Computing percentiles in SQL
UNNEST
allows splatting arrays into rows, which can then be used in window functions like PERCENTILE_CONT
.SQL is a language that never stops giving, and I’ll probably never stop learning new things about it. I recently stumbled upon the following problem: how to compute the median value of a float array?
Given the following websites table:
id | name | durations |
---|---|---|
1 | example.com | {0.2, 0.4} |
2 | gautier.dev | {0.3, 0.2, 0.6} |
3 | wikipedia.org | {} |
Note: I’ll use Postgres syntax to represent arrays, with the rather unconventional curly brackets for people used to web languages. You can also use ARRAY[0.2, 0.4]
to declare arrays.
Is there a way to compute the p50 (median value) of the durations arrays in pure SQL for Postgres?
PERCENTILE_CONT
PostgreSQL features a PERCENTILE_CONT
function that computes the percentile of a set of values. Unfortunately, it is a window function, meant to be used over numeric columns.
If duration was a numeric column, we could use the following query:
id | name | duration |
---|---|---|
1 | example.com | 0.6 |
2 | gautier.dev | 0.7 |
3 | wikipedia.org | null |
SELECT PERCENTILE_CONT(0.5) WITHIN GROUP (ORDER BY duration) AS p50
FROM websites
This would return:
p50 |
---|
0.6499999999999999 |
The null value is properly ignored, and rounding is still hard for computers in 2023.
UNNEST
In our original problem we have arrays of floats. To compute the median value of each array, the solution is to use the UNNEST
function, which allows splatting/spreading arrays into rows.

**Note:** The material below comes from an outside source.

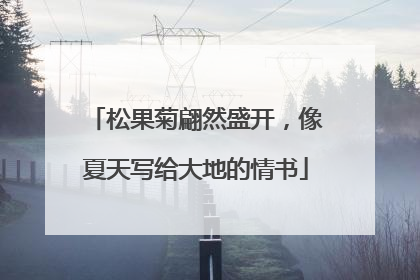 松果菊翩然盛开，像夏天写给大地的情书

SELECT id, name, UNNEST(durations) AS duration FROM sites
id | name | duration |
---|---|---|
1 | example.com | 0.2 |
1 | example.com | 0.4 |
2 | gautier.dev | 0.3 |
2 | gautier.dev | 0.2 |
2 | gautier.dev | 0.6 |
It’s worth noting that id is no longer unique and that empty arrays produce no rows.
We now have a virtual table on which we can use any window function:
SELECT id, PERCENTILE_CONT(0.5) WITHIN GROUP (ORDER BY duration) AS p50
FROM (
SELECT id, UNNEST(durations) AS duration FROM sites
) t
GROUP BY id
id | p50 |
---|---|
1 | 0.30000000000000004 |
2 | 0.3 |
And then we can LEFT JOIN
the websites table to retrieve other details:
SELECT websites.id, name, p50
FROM websites
LEFT JOIN (
SELECT id, PERCENTILE_CONT(0.5) WITHIN GROUP (ORDER BY duration) AS p50
FROM (SELECT id, UNNEST(durations) AS duration FROM sites) t
GROUP BY id
) t ON t.id = websites.id
id | name | p50 |
---|---|---|
1 | example.com | 0.30000000000000004 |
2 | gautier.dev | 0.3 |
3 | wikipedia.org | null |
Using LEFT JOIN
rather than (INNER) JOIN
allows us to keep all the websites, even those with an empty array.